Return the full listing, so that each line matches the original exactly.

┌─ DATASET RECORDS

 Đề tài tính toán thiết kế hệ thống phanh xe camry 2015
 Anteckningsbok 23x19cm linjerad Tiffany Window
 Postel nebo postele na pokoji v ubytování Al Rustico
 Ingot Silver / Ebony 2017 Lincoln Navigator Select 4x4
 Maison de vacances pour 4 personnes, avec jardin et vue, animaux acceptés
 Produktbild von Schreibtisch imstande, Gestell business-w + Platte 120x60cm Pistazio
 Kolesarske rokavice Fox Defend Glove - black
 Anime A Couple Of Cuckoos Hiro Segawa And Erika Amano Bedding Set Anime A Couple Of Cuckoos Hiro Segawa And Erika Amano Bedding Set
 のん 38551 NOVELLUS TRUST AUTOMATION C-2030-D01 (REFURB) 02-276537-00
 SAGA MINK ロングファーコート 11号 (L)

└─

**RESULT**.
 Đề tài tính toán thiết kế hệ thống phanh xe camry 2015
 Anteckningsbok 23x19cm linjerad Tiffany Window
 Postel nebo postele na pokoji v ubytování Al Rustico
 Ingot Silver / Ebony 2017 Lincoln Navigator Select 4x4
 Maison de vacances pour 4 personnes, avec jardin et vue, animaux acceptés
 Produktbild von Schreibtisch imstande, Gestell business-w + Platte 120x60cm Pistazio
 Kolesarske rokavice Fox Defend Glove - black
 Anime A Couple Of Cuckoos Hiro Segawa And Erika Amano Bedding Set Anime A Couple Of Cuckoos Hiro Segawa And Erika Amano Bedding Set
 のん 38551 NOVELLUS TRUST AUTOMATION C-2030-D01 (REFURB) 02-276537-00
 SAGA MINK ロングファーコート 11号 (L)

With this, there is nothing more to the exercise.